En ‘El milagro de Ana Sullivan’ (1962) se presenta a una
mujer (una especie de maestra) que luchará para que una niña ciega, sorda y
muda tenga contacto con la realidad. Cuando al final lo consigue, cuando grita
“¡ha comprendido, ha comprendido!”, resulta difícil contener la emoción. Dura y
realista, la peli sobrecoge al espectador, al que lleva de un estado a otro en
el mismo minuto.
Casi olvidada, ‘El maravilloso mundo de los hermanos Grimm”
(1962) narra las peripecias de los inmortales escritores alemanes e inserta la
escenificación de varios de los cuentos infantiles más célebres. Al final, al
hermano serio le otorgan un importante premio, por sus sesudos libros, que
tiene que ir a recoger a la capital; le acompaña en el viaje su hermano, el
alocado y apasionado cuentista, que en el tren le dice al mayor, “cuando los
tipos importantes te pregunten quién soy yo, tú sólo diles que soy tu hermano”.
Pero en la estación, a punto de iniciar los solemnes académicos su discurso, se
escucha el griterío de una muchedumbre de niños que, enterados de la llegada
del fabulista, acuden gritando “cuenta un cuento, cuenta un cuento”. El hermano
formal se dirige entonces al pequeño y le dice “tú sólo diles que soy tu
hermano”… ¡Qué delicia! El sensato y erudito investigador comprendió, por fin,
que el cuento, la fábula infantil, también tiene su importancia, de hecho, los
cuentos son imperecederos y se siguen contando siglos después.
Y dos momentos tan clásicos como reconocidos por todo amante
del cine. Por un lado, la fabulosa escena de ‘Casablanca’ (1942) en la que un
checo pide a la orquesta del bar de Rick que toque ‘La Marsellesa’ para tapar
los cánticos de los nazis; ¡qué fuerza emotiva!, ¡qué torbellino de
irrefrenables sentimientos!, ¡qué cantidad de humana pasión! ¡Qué lección de
valentía y coraje frente a la barbarie!
Y por otro lado, la mil veces repetida de ‘Qué bello es
vivir’ (1946), cuando al final regresa de su pesadilla el protagonista que, ya
en su casa, escucha a su esposa “es un milagro, es un milagro”, y a la mujer
negra que entregándole unos billetes le explica “guardaba este dinero para mi
divorcio…, si alguna vez encuentro marido”. No hay quien pueda resistir la
magia blanca que se desprende de esa situación.

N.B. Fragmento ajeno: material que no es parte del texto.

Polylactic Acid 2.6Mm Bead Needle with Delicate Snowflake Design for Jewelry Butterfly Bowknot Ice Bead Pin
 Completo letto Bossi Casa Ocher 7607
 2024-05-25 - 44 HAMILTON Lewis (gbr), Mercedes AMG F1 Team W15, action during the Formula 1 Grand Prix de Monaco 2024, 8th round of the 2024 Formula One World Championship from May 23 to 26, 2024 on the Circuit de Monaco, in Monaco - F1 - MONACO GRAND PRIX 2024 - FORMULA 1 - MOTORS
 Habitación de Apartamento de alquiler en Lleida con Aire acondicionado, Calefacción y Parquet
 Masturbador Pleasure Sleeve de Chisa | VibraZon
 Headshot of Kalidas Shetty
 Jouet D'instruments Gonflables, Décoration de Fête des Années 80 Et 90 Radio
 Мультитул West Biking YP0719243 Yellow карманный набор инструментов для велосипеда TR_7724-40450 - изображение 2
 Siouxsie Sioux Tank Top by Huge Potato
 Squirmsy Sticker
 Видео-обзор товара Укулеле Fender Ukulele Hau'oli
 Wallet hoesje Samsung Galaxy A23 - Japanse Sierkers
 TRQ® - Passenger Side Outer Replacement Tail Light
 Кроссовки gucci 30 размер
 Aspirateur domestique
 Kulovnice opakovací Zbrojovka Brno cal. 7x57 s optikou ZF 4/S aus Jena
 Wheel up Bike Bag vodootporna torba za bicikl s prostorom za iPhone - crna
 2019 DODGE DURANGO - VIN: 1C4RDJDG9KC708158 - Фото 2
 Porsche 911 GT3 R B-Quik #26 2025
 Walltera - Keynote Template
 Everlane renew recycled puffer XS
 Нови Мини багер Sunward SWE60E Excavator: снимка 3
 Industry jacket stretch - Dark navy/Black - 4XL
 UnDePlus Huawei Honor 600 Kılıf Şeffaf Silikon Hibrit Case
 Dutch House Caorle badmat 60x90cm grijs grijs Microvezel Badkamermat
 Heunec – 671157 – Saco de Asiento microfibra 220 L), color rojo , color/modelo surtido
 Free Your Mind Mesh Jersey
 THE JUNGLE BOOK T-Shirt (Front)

Pero como siempre hay de todo, el cine clásico también
muestra deslices, algunos de los cuales gozan de buena prensa. Por ejemplo, la
afamada secuencia de ‘Lo que el viento se llevó’ en la que la protagonista,
ante un horizonte rojizo, proclama “juro ante Dios que nunca volveré a pasar
hambre”. A pesar de que se tiene por uno de los cuadros cumbre de la historia
de la cinematografía, en realidad es una tontería, puesto que uno puede
proponerse cosas que dependan de sí mismo, por ejemplo, puede prometerse no
volver a esta ciudad o no practicar este ejercicio nunca jamás, pero no puede
proponerse cosas que no están en su mano y son ajenas a su voluntad, por ejemplo,
uno no puede jurarse que no volverá a mojarse cuando llueva o que no volverá a
pasar hambre, ya que uno no pasa hambre por gusto, por decisión propia, de
forma que si no hay comida no podrás cumplir tu promesa y tendrás gazuza, y también
te mojarás cuando la lluvia te pille en la calle. Claro que tal vez la cosa se
deba a la traducción, ya que es posible (sólo posible) que lo que de verdad
diga sea “juro que haré lo posible para no volver a pasar hambre”.